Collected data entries
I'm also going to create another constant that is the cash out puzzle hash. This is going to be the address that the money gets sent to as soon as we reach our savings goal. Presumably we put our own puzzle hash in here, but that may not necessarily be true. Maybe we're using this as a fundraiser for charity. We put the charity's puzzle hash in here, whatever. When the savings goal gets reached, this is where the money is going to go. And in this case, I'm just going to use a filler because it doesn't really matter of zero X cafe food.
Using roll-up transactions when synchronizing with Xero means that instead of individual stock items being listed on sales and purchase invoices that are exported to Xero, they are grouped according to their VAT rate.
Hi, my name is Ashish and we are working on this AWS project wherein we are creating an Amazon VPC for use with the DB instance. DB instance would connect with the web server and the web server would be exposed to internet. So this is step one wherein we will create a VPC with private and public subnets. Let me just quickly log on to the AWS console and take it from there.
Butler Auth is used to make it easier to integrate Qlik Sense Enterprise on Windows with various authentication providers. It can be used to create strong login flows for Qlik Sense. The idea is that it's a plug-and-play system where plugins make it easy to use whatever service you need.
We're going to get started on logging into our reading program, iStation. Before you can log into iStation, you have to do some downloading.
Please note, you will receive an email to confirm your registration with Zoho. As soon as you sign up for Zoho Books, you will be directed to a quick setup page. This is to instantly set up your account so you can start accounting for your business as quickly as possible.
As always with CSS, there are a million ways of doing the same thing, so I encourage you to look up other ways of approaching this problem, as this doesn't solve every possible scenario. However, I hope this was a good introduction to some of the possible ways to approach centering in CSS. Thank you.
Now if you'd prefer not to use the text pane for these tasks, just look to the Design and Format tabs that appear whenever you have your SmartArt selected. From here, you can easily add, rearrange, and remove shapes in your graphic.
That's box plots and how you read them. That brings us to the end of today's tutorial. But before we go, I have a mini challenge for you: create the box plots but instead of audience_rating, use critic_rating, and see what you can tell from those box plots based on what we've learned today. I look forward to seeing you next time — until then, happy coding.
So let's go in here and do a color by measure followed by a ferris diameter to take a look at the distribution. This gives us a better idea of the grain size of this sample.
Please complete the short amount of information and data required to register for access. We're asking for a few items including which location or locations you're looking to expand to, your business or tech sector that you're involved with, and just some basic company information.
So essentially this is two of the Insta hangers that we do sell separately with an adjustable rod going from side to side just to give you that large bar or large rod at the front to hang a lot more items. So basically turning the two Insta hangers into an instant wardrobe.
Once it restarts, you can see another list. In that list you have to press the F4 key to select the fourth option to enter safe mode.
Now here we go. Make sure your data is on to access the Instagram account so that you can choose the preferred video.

=== Activity ===
Write out every record above, word for word.

=== Exercise answer ===
I'm also going to create another constant that is the cash out puzzle hash. This is going to be the address that the money gets sent to as soon as we reach our savings goal. Presumably we put our own puzzle hash in here, but that may not necessarily be true. Maybe we're using this as a fundraiser for charity. We put the charity's puzzle hash in here, whatever. When the savings goal gets reached, this is where the money is going to go. And in this case, I'm just going to use a filler because it doesn't really matter of zero X cafe food.
Using roll-up transactions when synchronizing with Xero means that instead of individual stock items being listed on sales and purchase invoices that are exported to Xero, they are grouped according to their VAT rate.
Hi, my name is Ashish and we are working on this AWS project wherein we are creating an Amazon VPC for use with the DB instance. DB instance would connect with the web server and the web server would be exposed to internet. So this is step one wherein we will create a VPC with private and public subnets. Let me just quickly log on to the AWS console and take it from there.
Butler Auth is used to make it easier to integrate Qlik Sense Enterprise on Windows with various authentication providers. It can be used to create strong login flows for Qlik Sense. The idea is that it's a plug-and-play system where plugins make it easy to use whatever service you need.
We're going to get started on logging into our reading program, iStation. Before you can log into iStation, you have to do some downloading.
Please note, you will receive an email to confirm your registration with Zoho. As soon as you sign up for Zoho Books, you will be directed to a quick setup page. This is to instantly set up your account so you can start accounting for your business as quickly as possible.
As always with CSS, there are a million ways of doing the same thing, so I encourage you to look up other ways of approaching this problem, as this doesn't solve every possible scenario. However, I hope this was a good introduction to some of the possible ways to approach centering in CSS. Thank you.
Now if you'd prefer not to use the text pane for these tasks, just look to the Design and Format tabs that appear whenever you have your SmartArt selected. From here, you can easily add, rearrange, and remove shapes in your graphic.
That's box plots and how you read them. That brings us to the end of today's tutorial. But before we go, I have a mini challenge for you: create the box plots but instead of audience_rating, use critic_rating, and see what you can tell from those box plots based on what we've learned today. I look forward to seeing you next time — until then, happy coding.
So let's go in here and do a color by measure followed by a ferris diameter to take a look at the distribution. This gives us a better idea of the grain size of this sample.
Please complete the short amount of information and data required to register for access. We're asking for a few items including which location or locations you're looking to expand to, your business or tech sector that you're involved with, and just some basic company information.
So essentially this is two of the Insta hangers that we do sell separately with an adjustable rod going from side to side just to give you that large bar or large rod at the front to hang a lot more items. So basically turning the two Insta hangers into an instant wardrobe.
Once it restarts, you can see another list. In that list you have to press the F4 key to select the fourth option to enter safe mode.
Now here we go. Make sure your data is on to access the Instagram account so that you can choose the preferred video.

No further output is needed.